[Scraped caption text data]
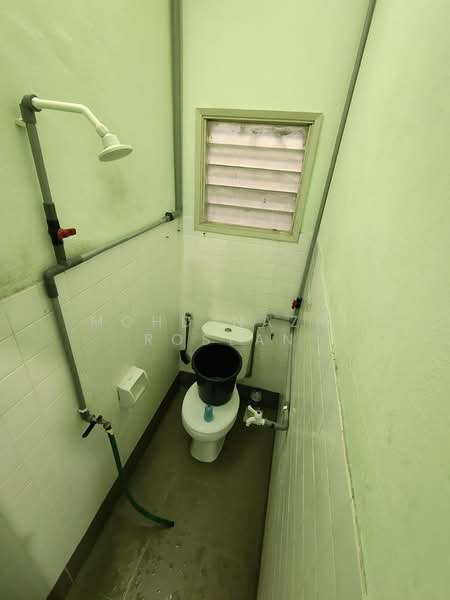 Rumah Teres 1-Tingkat untuk Dijual di Bukit Sentosa (Rawang) - Mohd Nazri Roslan - Bathroom - PropertyGuru.com.my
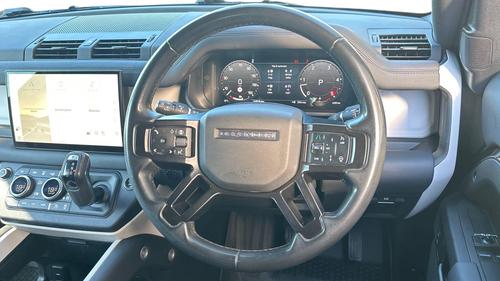 Land Rover Defender Photo autoimg-d150f68cf187bf697815e6159e3b3b45d549b730.jpg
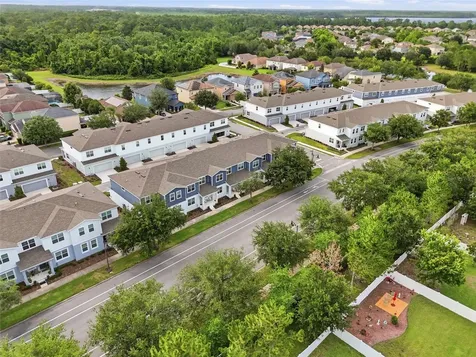 6917 Five Oaks Drive Harmony FL 34773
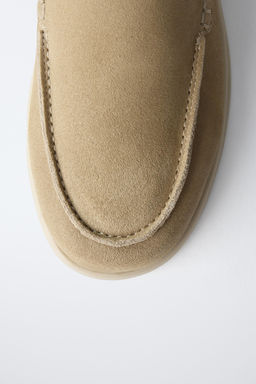 SPLIT SUEDE DECK SHOES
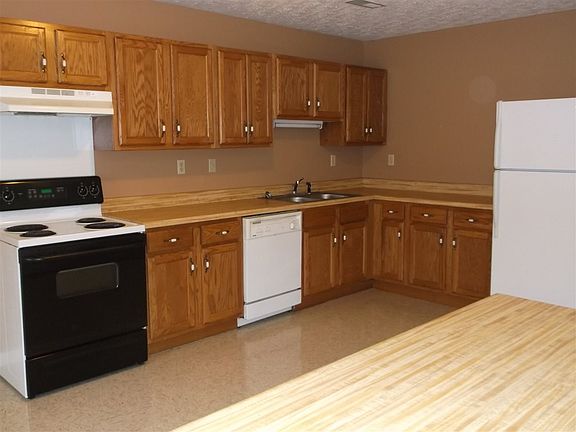 2nd image of 255 Fant Dr
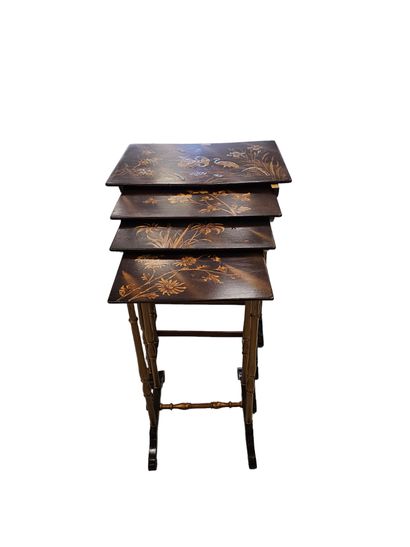 TRAVAIL XIXEME
Suite de quatre tables gigogne...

What to work on:
Although the records above contain pictures, your copy should give only their text, exactly as written.

Result for this task:
 Rumah Teres 1-Tingkat untuk Dijual di Bukit Sentosa (Rawang) - Mohd Nazri Roslan - Bathroom - PropertyGuru.com.my
 Land Rover Defender Photo autoimg-d150f68cf187bf697815e6159e3b3b45d549b730.jpg
 6917 Five Oaks Drive Harmony FL 34773
 SPLIT SUEDE DECK SHOES
 2nd image of 255 Fant Dr
 TRAVAIL XIXEME
Suite de quatre tables gigogne...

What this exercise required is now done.